La Russie a de son côté suggéré qu'elle pourrait avoir recours à l'arme économique: le géant Gazprom a indiqué samedi que l'Ukraine avait une «énorme» dette de gaz de 1,55 milliard de dollars à son égard. «Avec une telle façon de payer et de remplir ses engagements, l'Ukraine ne va selon toute vraisemblance pas pouvoir conserver le prix préférentiel dont elle bénéficie actuellement pour le gaz» russe, a prévenu son porte-parole.

Obama «inquiet» 

Les Occidentaux n'ont pas fait mystère ces dernières heures de leur inquiétude quant aux derniers développements en Crimée.

Le président américain Barack Obama s'est déclaré «profondément inquiet au sujet d'informations sur des mouvements de troupes entrepris par la fédération russe en Ukraine» et a mis en garde Moscou vendredi contre toute «intervention militaire» en Ukraine.

«Les États-Unis seront solidaires de la communauté internationale pour souligner qu'il y aura un coût à toute intervention militaire en Ukraine», a-t-il lancé en mettant en garde Moscou.

Selon un responsable du Pentagone, «plusieurs centaines de soldats» russes ont été déployés en Crimée.

Barack Obama pourrait renoncer à participer au sommet du G8 prévu en juin à Sotchi (Russie) en raison de la gravité de la situation, a affirmé sous couvert d'anonymat un haut responsable américain.

Le ministère polonais des Affaires étrangères a appelé samedi à l'arrêt des «mouvements provocateurs de forces armées en péninsule de Crimée».

L'ambassadrice américaine à l'ONU a annoncé que les États-Unis demandait l'envoi d'urgence d'une «mission internationale de médiation», «indépendante et crédible» en Crimée «pour commencer à faire baisser la tension» dans la région.

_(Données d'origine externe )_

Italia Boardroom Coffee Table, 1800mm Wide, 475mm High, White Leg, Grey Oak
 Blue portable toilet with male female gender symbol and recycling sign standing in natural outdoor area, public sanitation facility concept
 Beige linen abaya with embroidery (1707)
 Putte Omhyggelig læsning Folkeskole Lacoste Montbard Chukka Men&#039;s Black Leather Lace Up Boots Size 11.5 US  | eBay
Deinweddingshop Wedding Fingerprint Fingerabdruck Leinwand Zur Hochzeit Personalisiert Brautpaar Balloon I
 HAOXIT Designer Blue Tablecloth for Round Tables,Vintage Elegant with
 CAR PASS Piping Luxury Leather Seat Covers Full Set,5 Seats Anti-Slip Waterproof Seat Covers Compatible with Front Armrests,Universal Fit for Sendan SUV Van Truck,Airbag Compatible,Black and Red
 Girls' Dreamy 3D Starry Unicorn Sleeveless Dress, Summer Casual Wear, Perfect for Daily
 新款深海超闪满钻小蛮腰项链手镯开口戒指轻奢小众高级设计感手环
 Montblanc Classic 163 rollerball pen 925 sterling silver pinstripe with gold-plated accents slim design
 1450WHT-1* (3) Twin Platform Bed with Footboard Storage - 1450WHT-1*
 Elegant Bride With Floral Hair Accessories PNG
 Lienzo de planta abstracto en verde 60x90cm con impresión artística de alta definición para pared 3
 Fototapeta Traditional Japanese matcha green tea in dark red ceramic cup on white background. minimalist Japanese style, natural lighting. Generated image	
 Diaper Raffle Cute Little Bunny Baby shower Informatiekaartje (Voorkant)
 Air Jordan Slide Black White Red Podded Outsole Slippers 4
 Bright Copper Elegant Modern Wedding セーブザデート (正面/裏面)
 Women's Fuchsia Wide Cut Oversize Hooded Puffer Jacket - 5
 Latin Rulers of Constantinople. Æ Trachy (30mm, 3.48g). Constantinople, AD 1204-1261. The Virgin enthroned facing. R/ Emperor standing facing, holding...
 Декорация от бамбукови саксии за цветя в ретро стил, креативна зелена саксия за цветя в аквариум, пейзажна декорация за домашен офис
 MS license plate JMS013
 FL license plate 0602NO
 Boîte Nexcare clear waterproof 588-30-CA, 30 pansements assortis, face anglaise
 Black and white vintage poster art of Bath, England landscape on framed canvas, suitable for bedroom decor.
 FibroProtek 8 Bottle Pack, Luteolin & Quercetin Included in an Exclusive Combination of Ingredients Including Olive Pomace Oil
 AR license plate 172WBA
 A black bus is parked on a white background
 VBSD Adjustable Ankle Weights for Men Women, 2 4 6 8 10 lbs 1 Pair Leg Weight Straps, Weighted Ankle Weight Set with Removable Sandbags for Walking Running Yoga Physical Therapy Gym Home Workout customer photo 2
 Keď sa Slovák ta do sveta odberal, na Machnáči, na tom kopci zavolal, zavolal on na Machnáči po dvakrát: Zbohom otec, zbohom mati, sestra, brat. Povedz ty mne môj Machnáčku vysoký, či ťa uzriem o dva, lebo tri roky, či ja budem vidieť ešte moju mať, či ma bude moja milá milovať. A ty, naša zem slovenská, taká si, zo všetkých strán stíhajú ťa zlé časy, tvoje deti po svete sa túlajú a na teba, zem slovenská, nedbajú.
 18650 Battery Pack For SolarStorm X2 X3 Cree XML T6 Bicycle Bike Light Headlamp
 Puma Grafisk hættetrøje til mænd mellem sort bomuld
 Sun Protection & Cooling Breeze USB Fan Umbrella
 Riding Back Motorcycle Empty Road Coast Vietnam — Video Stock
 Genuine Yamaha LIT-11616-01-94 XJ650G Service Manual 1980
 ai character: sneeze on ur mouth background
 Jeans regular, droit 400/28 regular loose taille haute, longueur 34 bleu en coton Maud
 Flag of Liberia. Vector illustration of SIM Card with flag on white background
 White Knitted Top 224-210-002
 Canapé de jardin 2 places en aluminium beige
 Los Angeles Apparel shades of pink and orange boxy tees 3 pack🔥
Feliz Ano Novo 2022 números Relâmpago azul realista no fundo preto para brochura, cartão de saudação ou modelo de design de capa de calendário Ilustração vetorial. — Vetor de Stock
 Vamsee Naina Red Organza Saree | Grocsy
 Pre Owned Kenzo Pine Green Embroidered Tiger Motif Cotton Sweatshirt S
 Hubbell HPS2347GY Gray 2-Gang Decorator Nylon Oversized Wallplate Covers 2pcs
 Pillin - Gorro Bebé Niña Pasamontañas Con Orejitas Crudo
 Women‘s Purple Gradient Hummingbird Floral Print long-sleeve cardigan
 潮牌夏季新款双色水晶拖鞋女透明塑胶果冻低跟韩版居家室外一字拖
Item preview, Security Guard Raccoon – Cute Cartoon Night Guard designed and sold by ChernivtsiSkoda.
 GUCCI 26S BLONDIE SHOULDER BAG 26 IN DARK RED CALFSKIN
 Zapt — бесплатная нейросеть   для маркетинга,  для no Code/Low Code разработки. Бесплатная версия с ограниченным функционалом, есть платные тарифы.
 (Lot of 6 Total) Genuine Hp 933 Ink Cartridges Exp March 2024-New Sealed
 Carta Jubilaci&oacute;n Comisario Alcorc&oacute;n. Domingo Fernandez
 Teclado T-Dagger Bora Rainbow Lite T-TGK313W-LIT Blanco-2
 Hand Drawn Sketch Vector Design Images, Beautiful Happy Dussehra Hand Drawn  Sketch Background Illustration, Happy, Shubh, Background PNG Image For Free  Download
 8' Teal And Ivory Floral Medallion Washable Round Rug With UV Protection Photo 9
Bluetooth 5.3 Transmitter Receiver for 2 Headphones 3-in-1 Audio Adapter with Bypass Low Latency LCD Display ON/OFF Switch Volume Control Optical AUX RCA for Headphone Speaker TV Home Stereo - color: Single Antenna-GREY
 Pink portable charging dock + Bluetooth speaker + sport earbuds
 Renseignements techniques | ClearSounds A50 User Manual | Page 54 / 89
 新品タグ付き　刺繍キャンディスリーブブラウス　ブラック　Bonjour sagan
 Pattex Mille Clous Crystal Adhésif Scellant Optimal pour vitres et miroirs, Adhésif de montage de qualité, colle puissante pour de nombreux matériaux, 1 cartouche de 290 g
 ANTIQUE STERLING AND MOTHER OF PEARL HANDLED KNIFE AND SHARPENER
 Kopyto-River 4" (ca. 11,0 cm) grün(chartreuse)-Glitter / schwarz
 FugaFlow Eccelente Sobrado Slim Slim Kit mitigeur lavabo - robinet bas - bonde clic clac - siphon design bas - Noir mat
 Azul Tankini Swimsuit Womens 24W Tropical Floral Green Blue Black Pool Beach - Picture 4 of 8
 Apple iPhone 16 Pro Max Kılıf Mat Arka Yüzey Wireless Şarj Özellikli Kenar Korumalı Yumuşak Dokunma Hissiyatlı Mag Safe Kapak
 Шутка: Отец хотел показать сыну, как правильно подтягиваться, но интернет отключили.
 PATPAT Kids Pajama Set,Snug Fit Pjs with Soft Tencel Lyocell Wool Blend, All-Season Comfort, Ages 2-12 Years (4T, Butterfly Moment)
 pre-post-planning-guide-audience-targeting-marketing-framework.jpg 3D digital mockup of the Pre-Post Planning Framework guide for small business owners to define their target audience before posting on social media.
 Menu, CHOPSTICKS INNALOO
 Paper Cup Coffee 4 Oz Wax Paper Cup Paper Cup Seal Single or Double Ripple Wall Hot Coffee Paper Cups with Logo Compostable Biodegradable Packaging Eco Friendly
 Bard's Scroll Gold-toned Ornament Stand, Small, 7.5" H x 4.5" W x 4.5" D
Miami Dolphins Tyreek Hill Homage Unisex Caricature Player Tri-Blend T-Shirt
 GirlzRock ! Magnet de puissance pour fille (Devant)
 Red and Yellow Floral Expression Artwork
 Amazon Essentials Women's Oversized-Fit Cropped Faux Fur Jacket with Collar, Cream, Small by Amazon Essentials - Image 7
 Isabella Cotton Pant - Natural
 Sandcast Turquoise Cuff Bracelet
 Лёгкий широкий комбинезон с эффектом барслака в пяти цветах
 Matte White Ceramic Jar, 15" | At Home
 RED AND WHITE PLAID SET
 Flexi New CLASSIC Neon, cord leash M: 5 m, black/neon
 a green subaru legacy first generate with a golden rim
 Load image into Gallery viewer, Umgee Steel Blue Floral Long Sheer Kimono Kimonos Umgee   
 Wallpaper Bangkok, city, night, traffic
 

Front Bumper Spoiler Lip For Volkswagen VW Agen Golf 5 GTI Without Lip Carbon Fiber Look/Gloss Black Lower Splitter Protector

Réapparition de Ianoukovitch 

C'est dans ce contexte de plus en plus tendu que le président déchu Viktor Ianoukovitch, recherché en Ukraine pour «meurtres de masse» après la répression de la contestation qui a fait 82 morts, dont une quinzaine de policiers, à Kiev la semaine dernière, a refait surface vendredi à Rostov-sur-le-Don en Russie.

«Je suis le président légitime de l'Ukraine», a affirmé celui qui a aussi promis de «poursuivre la lutte pour l'avenir de l'Ukraine» au cours de sa première apparition en public depuis sa destitution.

M. Ianoukovitch, qui a déclaré avoir été contraint de quitter l'Ukraine après des menaces sur sa vie, a reçu la «protection» de la Russie face aux «extrémistes» et n'a pas reconnu les nouvelles autorités de Kiev, qui ont lancé une procédure pour obtenir son extradition.

«Ianoukovitch a perdu toute légitimité puisqu'il a failli à ses responsabilités. Il a quitté l'Ukraine», ont estimé les États-Unis.